Önce veliler okuyacak
Geçtiğimiz günlerde Anadolu Ajansı'nın geçtiği bir haber, kitabın sorunlarının yine de bitmediğini sergiliyor. Yayın sektörünün önde gelen adları, kitap fiyatlarının KDV'den kaynaklanan yüksekliği, çocuklara okuma alışkanlığının küçük yaşta kazandırılmaması ve devletin kendilerini sübvanse etmemesi nedeniyle Türk insanının yeterince kitap okumadığını bildiriyorlar. Kitapçılar Derneği Başkanı Ahmet Polat, toplumda okuma alışkanlığının kazandırılması için işe anaokulu eğitiminden başlanması gerektiğini vurguluyor. Bunun için anaokulu eğitiminin yaygınlaştırılması gerektiğini kaydeden Polat, okuma alışkanlığıyla ilgili programın önce velilere verilmesi gerektiğini ifade ediyor. Devletin, eğitim hizmeti veren yayıncıya ve kitapçıya ‘‘vergi istisnası’’ tanıyarak teşvik etmesini isteyen Polat, devlet televizyonlarının da kitap alışkanlığı edindirici eğitim programları yapması ve yarışmalar düzenleyerek, hediye olarak kitap vermesi gerektiğini dile getiriyor. Polat, kitap fiyatlarını ekonomik hale getirmek için KDV oranı sıfırlanması ya da sembolik hale getirilmesi gerektiğini düşünüyor.

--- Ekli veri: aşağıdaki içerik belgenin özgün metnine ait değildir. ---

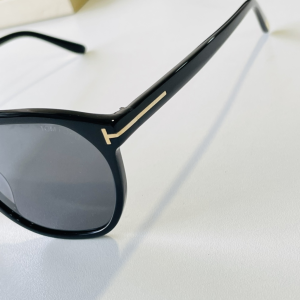 Luxury Womens Sunglasses Tom Ford Luxury Sunglasses TF835 A182PP150 AA166332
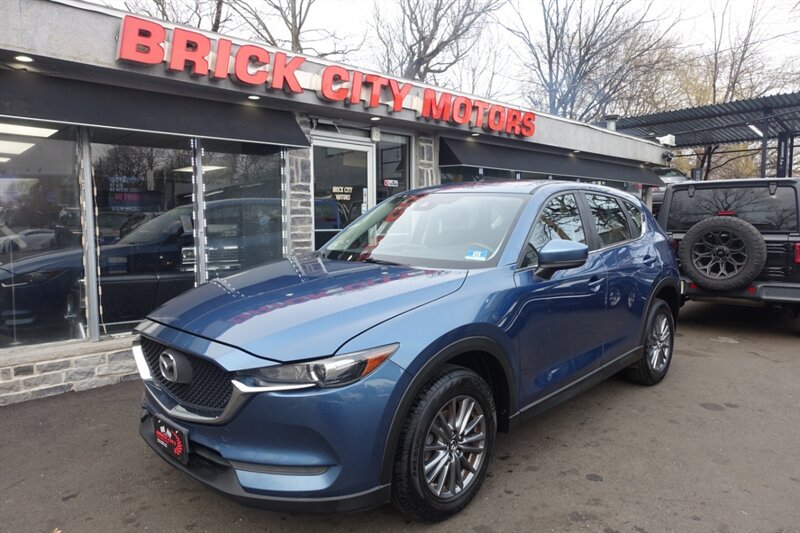 2018 Mazda CX-5 Sport's photo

Atıl Ant'ın kitap okuruna ilişkin bir başka tesbiti de, 8 yıllık kesintisiz eğitim sisteminin okur sayısını arttıracağı yönünde: ‘‘İlkokul 5. sınıfta kolejlere hazırlanan ve testlere gömülen öğrenciler artık lise son sınıfa kadar daha çok kitap okuma imkanına kavuşacaklar.’’
Çocuklara okuma alışkanlığının kazandırılabilmesi için özellikle ilkokullarda mutlaka ciddi kitaplıklar kurulması gerektiğine dikkati çeken Ant, ‘‘Talim Terbiye Kurulu'nun izin vermediği kitaplar okul kitaplıklarına giremiyor. Bu da, sadece belli görüşteki insanların kitaplarının okutulması demektir ki çok sıkıntı yaratıyor’’ diyor. Türkiye'de bir ''Yayıncılık Kanunu'' bulunmadığını belirten Ant, 225 yayınevinin biraraya gelerek Uluslararası Yayıncılar Birliği'nin kendilerine önerdiği bir kanunu Türkiye'ye adapte ettiklerini ve yakında Kültür Bakanlığı'na sunacaklarını söylüyor.
Yaşlara göre tercihler
Afa Yayınları, okuyucuların yaş gruplarına göre yöneldikleri kitapları şöyle sıralıyor:
Çocuk okurlar, macera türü öyküler, mizah kitapları ve Asteriks türü kitapları tercih ediyor.
18-25 yaş arası gençler ve öğrenciler, çağdaş dünya edebiyatı başta olmak üzere Türk Edebiyatı, sinema ve tiyatro, klasik romanlar okuyor.
25-45 yaş arası kadın okurlar, çeviri edebiyat ve Türk edebiyatına meraklılar.
25-45 orta yaşlı erkek okurlar, özellikle Türk ve Osmanlı tarihi, inceleme-araştırma kitapları ve edebi romanlar okuyorlar.
Orta yaş sonrası kuşak ise anı, tarih ve Türk Edebiyatını tercih ediyor.